Defines the lifetime of the metric. Different lifetimes affect when the metrics value is reset.

  • ping (default): The metric is cleared each time it is submitted in the ping. This is the most common case, and should be used for metrics that are highly dynamic, such as things computed in response to the user's interaction with the application.
  • application: The metric is related to an application run, and is cleared after the application restarts and any Glean-owned ping, due at startup, is submitted. This should be used for things that are constant during the run of an application, such as the operating system version. In practice, these metrics are generally set during application startup. A common mistake---using the ping lifetime for these type of metrics---means that they will only be included in the first ping sent during a particular run of the application.
  • user: Reach out to the Glean team before using this.. The metric is part of the user's profile and will live as long as the profile lives. This is often not the best choice unless the metric records a value that really needs to be persisted for the full lifetime of the user profile, e.g. an identifier like the client_id, the day the product was first executed. It is rare to use this lifetime outside of some metrics that are built in to the Glean SDK.

send_in_pings

default: events|metrics

Defines which pings the metric should be sent on. If not specified, the metric is sent on the "default ping", which is the events ping for events and the metrics ping for everything else.

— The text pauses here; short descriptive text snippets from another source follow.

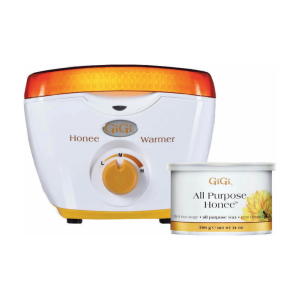 GIGI SPA Honee Warmer, 14oz - 0210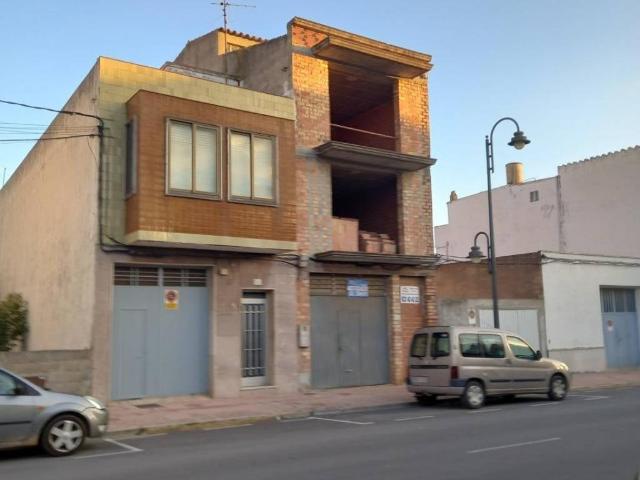 Casa en venta en Alcalà De Xivert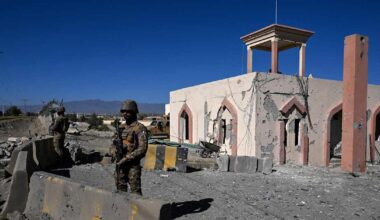 Pakistanissa armeija tappoi Talebanin taistelijoita | Uutisia lyhyesti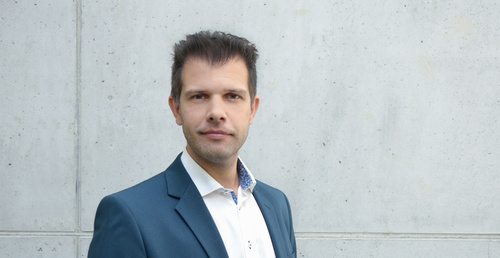 Mario Situm - Studiengangsleiter Bachelor Unternehmensführung, Bachelor Leadership & Business Management, Bachelor Wirtschaftspsychologie, Master Corporate Transformation Management | © FH Kufstein Tirol Mario Situm, Studiengangsleiter Bachelor Unternehmensführung, Bachelor Leadership & Business Management, Bachelor Wirtschaftspsychologie, Master Corporate Transformation Management | © FH Kufstein Tirol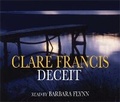Cover: Deceit - Macmillan Audio Books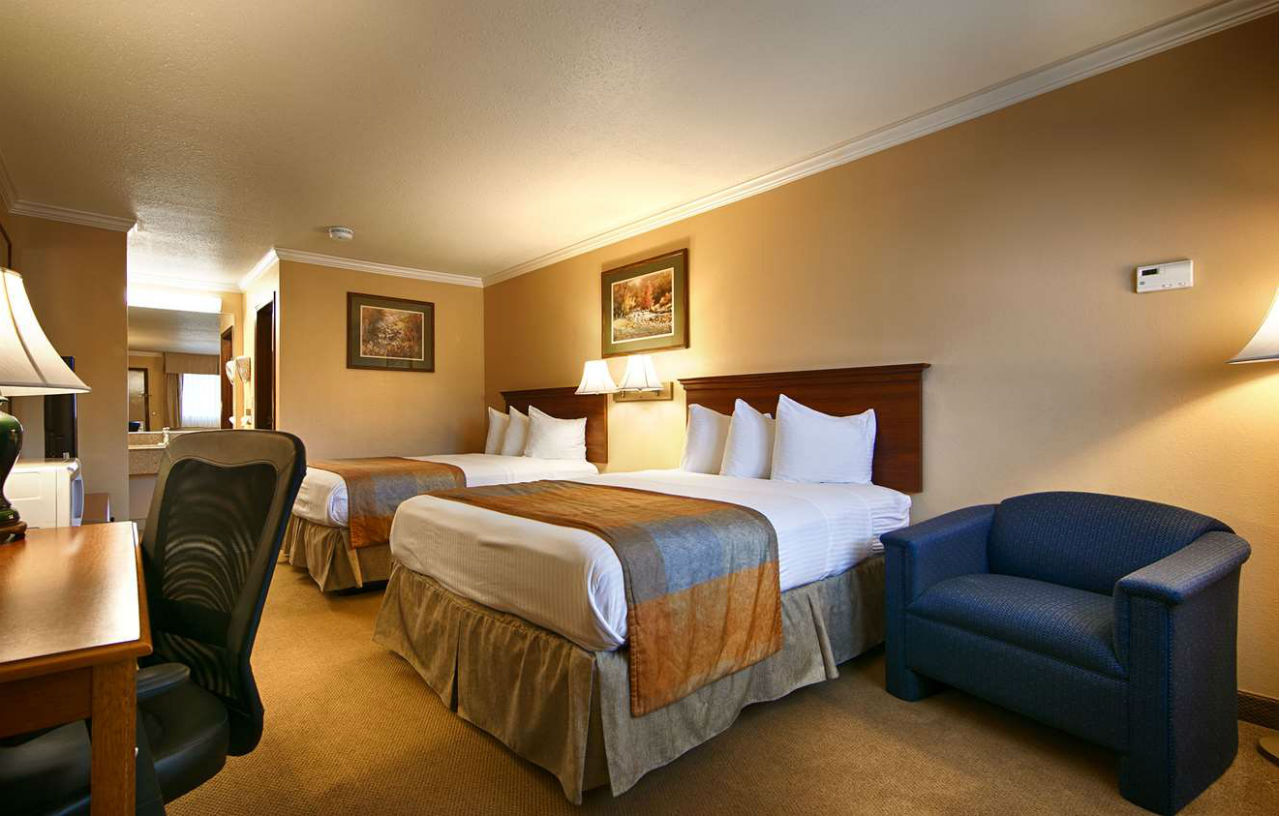 Best Western Clermont Cherry Grove Extérieur photo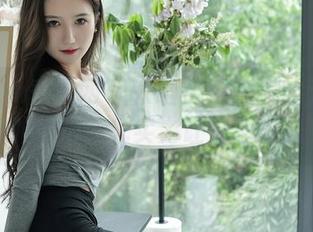 Xiuren秀人网 - 来啦！萌白酱的无圣光户外自拍，凭实力让美图翻倍！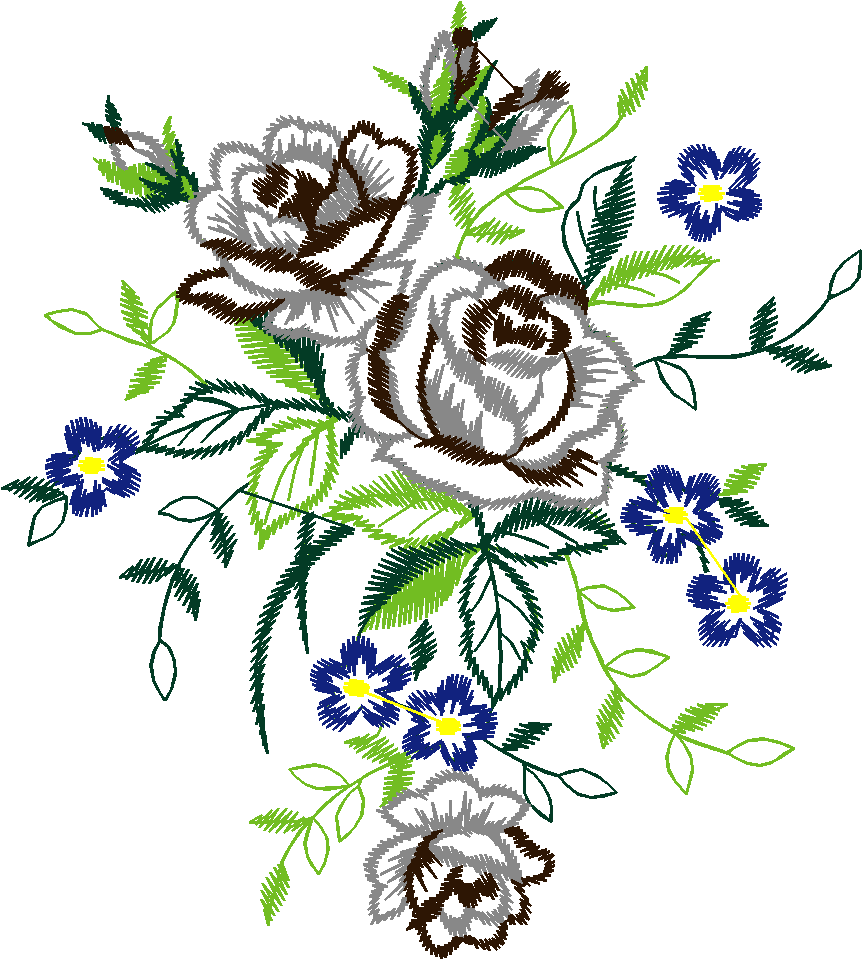 Floral 113  (8)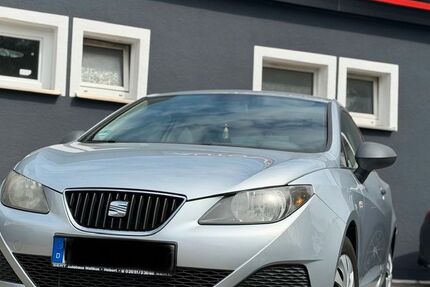 Seat Ibiza 52.000 km 3.990 &euro; Velbert 42551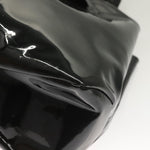 Salvatore Ferragamo Vala Handbag Patent leather - image 9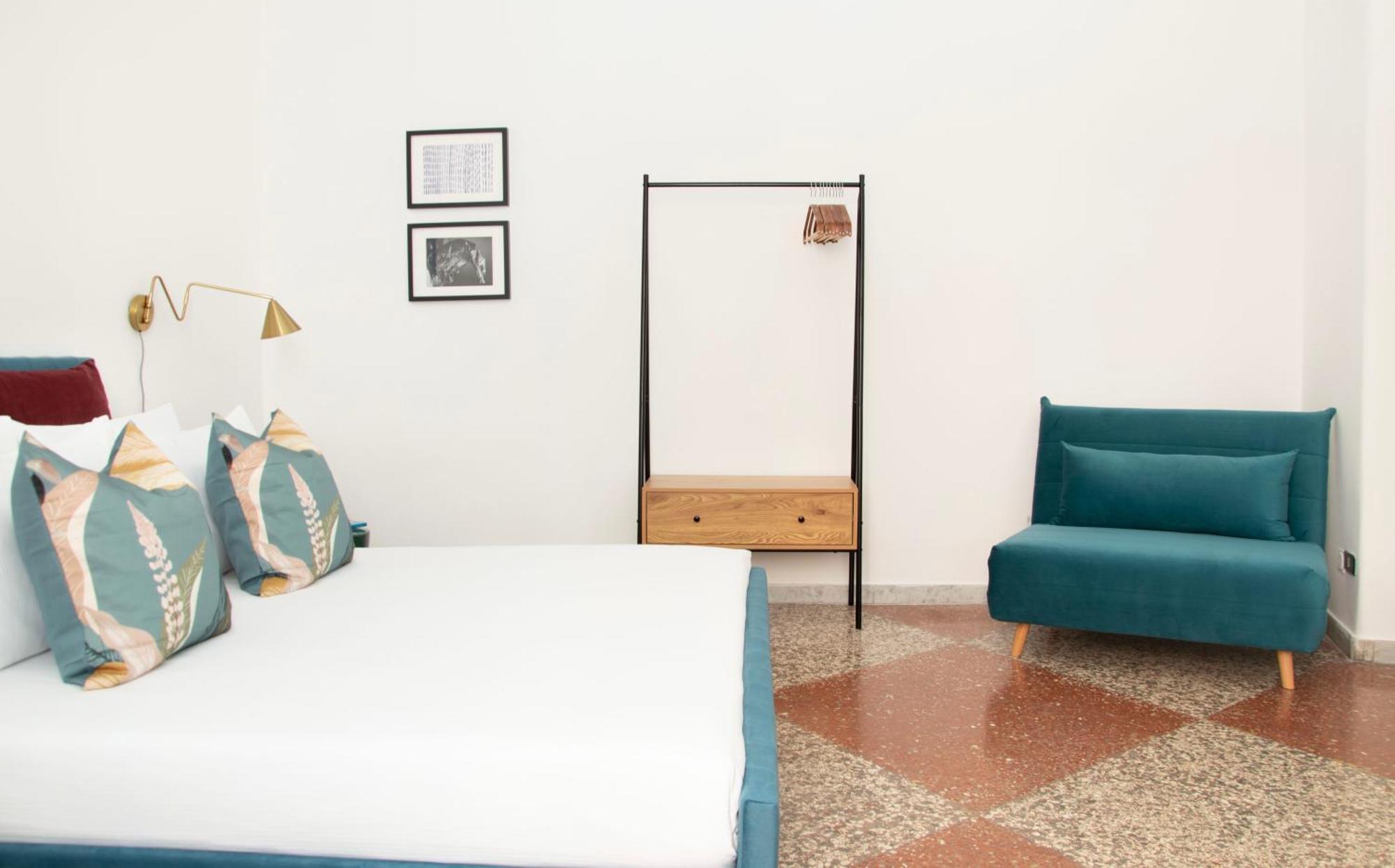 Di Design - Metro Re Di Apartment Rome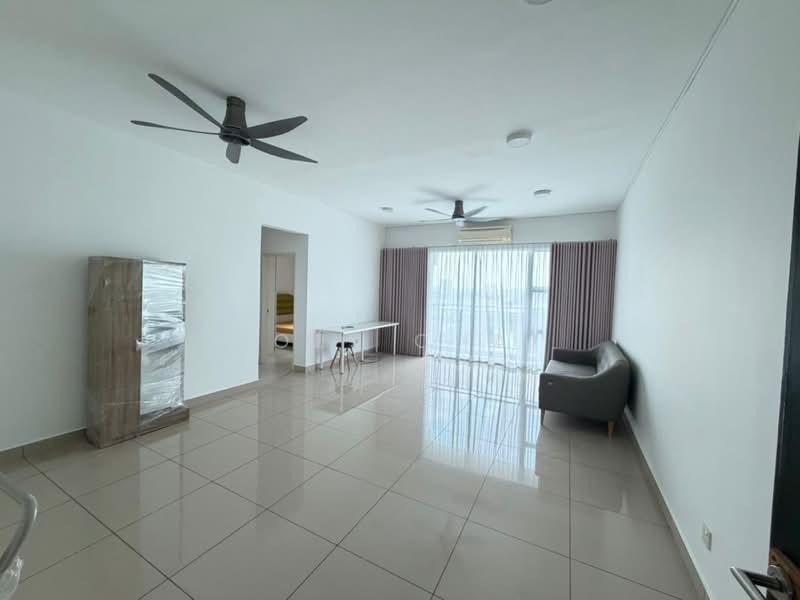 D'Rich Executive Suites - 4
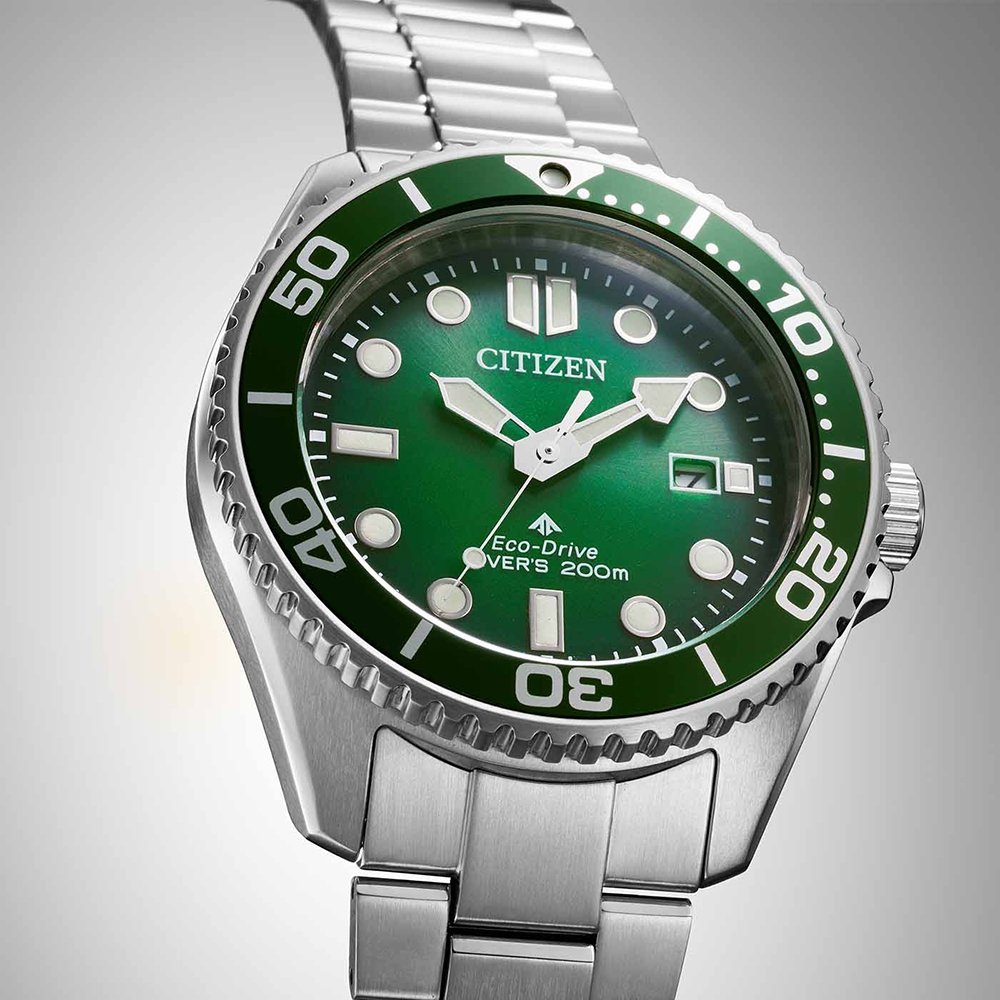 Citizen Divers 40.55mm BN0269 - 50W - Starbuy Australia
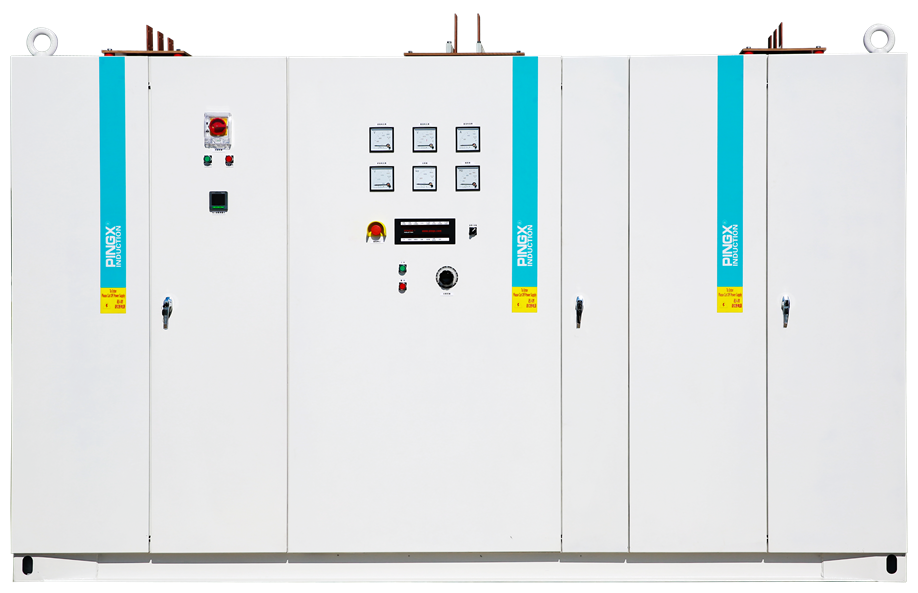 TCR6~48M(≤30MW)变频电源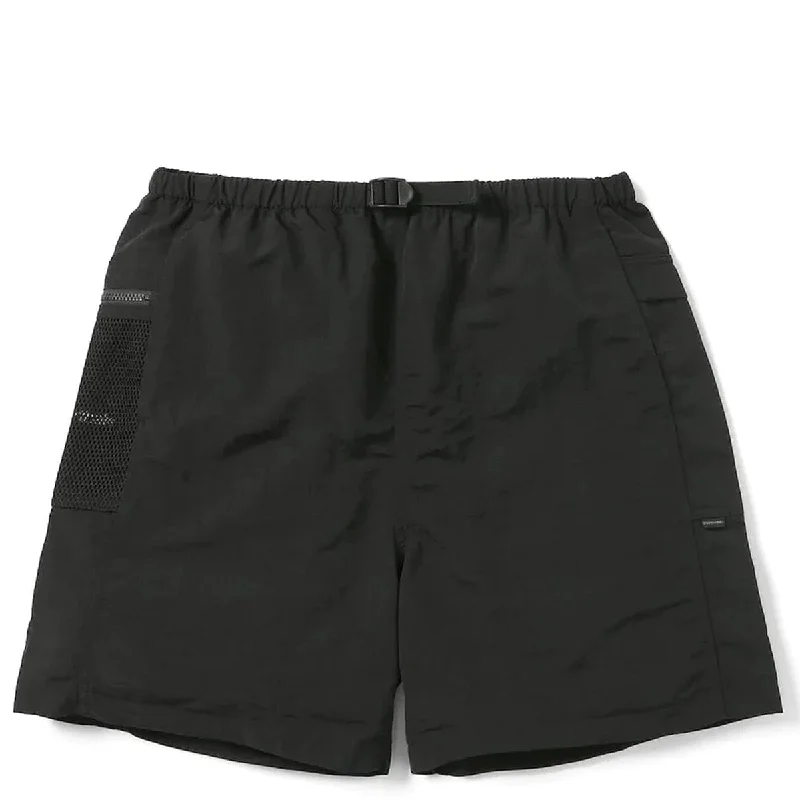 Classic Fit Shorts-MOUNTAIN SHORT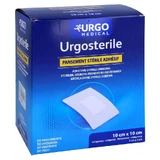 Urgosterile Wundverband 100x100 mm steri 50 St
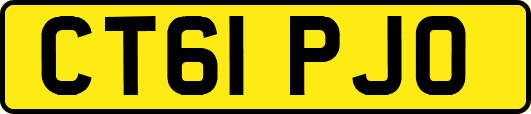 CT61PJO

Most metrics don't need to specify this unless they are sent on custom pings.

disabled

default: false

Data collection for this metric is disabled.

This is useful when you want to temporarily disable the collection for a specific metric without removing references to it in your source code.

Generally, when a metric is no longer needed, it should simply be removed. This does not affect the availability of data already collected by the pipeline.

version

default: 0

The version of the metric. A monotonically increasing integer value. This should be bumped if the metric changes in a backward-incompatible way.

data_sensitivity

default: []

A list of data sensitivity categories that the metric falls under. There are four data collection categories related to data sensitivity defined in Mozilla's data collection review process:

Category 1: Technical Data (technical)

Information about the machine or Firefox itself. Examples include OS, available memory, crashes and errors, outcome of automated processes like updates, safe browsing, activation, versions, and build id. This also includes compatibility information about features and APIs used by websites, add-ons, and other 3rd-party software that interact with Firefox during usage.

Category 2: Interaction Data (interaction)

Information about the user’s direct engagement with Firefox. Examples include how many tabs, add-ons, or windows a user has open; uses of specific Firefox features; session length, scrolls and clicks; and the status of discrete user preferences.

Category 3: Web activity data (web_activity)

Information about user web browsing that could be considered sensitive. Examples include users’ specific web browsing history; general information about their web browsing history (such as TLDs or categories of webpages visited over time); and potentially certain types of interaction data about specific webpages visited.

Category 4: Highly sensitive data (highly_sensitive)

Information that directly identifies a person, or if combined with other data could identify a person. Examples include e-mail, usernames, identifiers such as google ad id, apple id, Firefox account, city or country (unless small ones are explicitly filtered out), or certain cookies. It may be embedded within specific website content, such as memory contents, dumps, captures of screen data, or DOM data.